— title: “WikiLite: Loading Wikipedia into SQLite” date: 2020-11-19T12:00:00Z draft: true slug: wikilite-loading-wikipedia-into-sqlite

tags:

One of the oft-overlooked but chief dangers of modern life is time travel. Yes, the idea that an unsuspecting soul can inadvertently be transported back in time and that their only hope for return might be some esoteric piece of knowledge such as “when will the clock tower be struck by lightning”? Though I haven’t looked up the exact per-capita statistics of this happening, my gut tells me that it is likely high enough that we should have a plan in place to mitigate it.

While the most straight-forward approach might be to spend every night and weekend cramming all known pieces of information into my cranium, a potentially less brute-force approach would be to keep my own Grey’s-Sports-Almanac-esque cheat-sheet with me at all times. That seems completely safe. Given that the latest World Book Encyclopedia is a not-so-portable 14,000 pages of print, we might be better served by using something a bit more digital, such as an offline copy of Wikipedia. If one were available, that is.

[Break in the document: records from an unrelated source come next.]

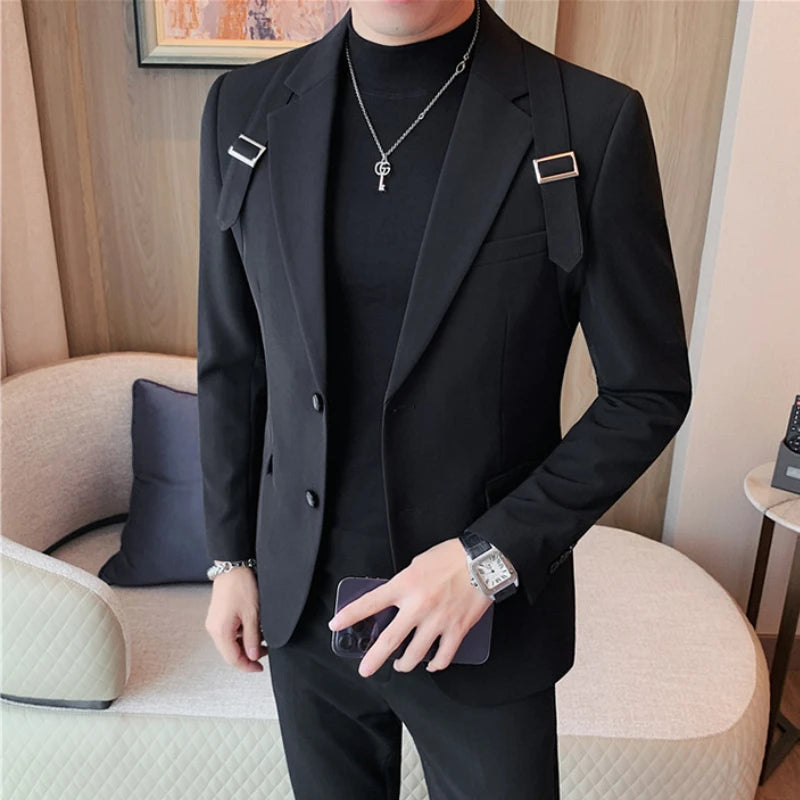 Brand Autumn Winter Strap Decoration Suit Jacket for Men Slim Fit Casual Business Blazers Fashion Wedding Groom Social Coat 2023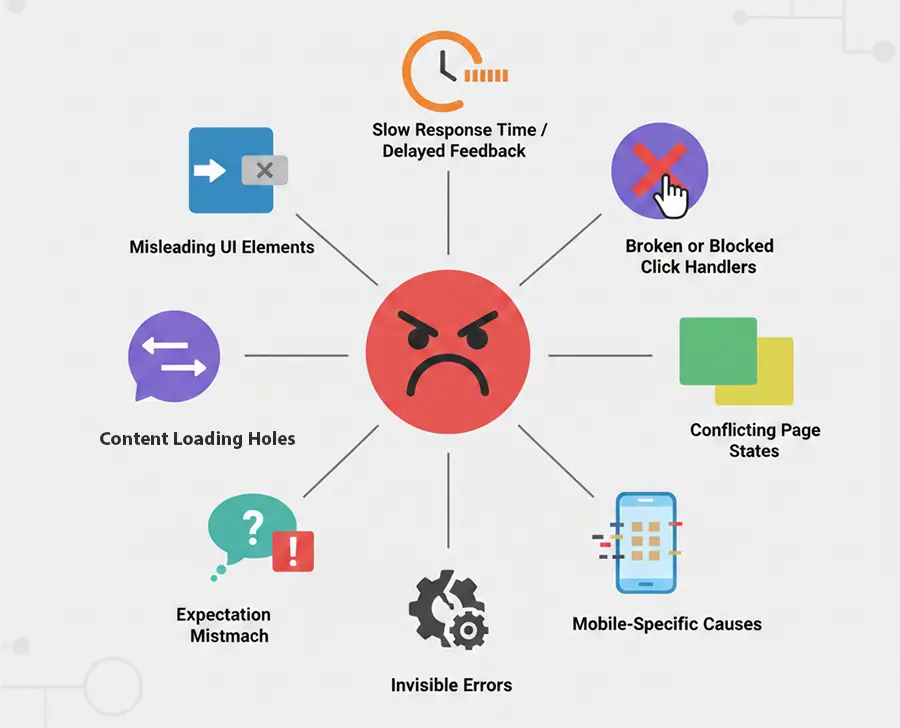 Common UX and technical causes that trigger rage clicks on websites and apps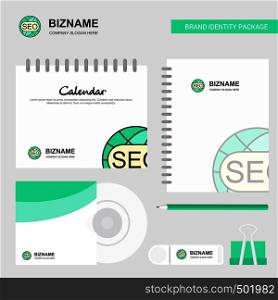 Seo Logo, Calendar Template, CD Cover, Diary and USB Brand Stationary Package Design Vector Template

As fortune would have it, the Wikimedia Foundation makes compressed XML exports of all articles available near weekly. Weighing in at 6.1 million articles and accessible offline from any reluctant time-traveler’s laptop, this is likely to be the closest thing that we might find to an ideal solution.

wget https://dumps.wikimedia.org/enwiki/20201101/enwiki-20201101-pages-articles-multistream.xml.bz2

Examining the Format

After having downloaded the bzip’d XML export, we’ll need to start by getting an understanding of the data format. Since we can assume it to be a relatively simple dataset, albeit quite large, we can just take a sampling of the document to get an idea of the structure. Let’s start by viewing the first eight kilobytes to see if we piece together an understanding.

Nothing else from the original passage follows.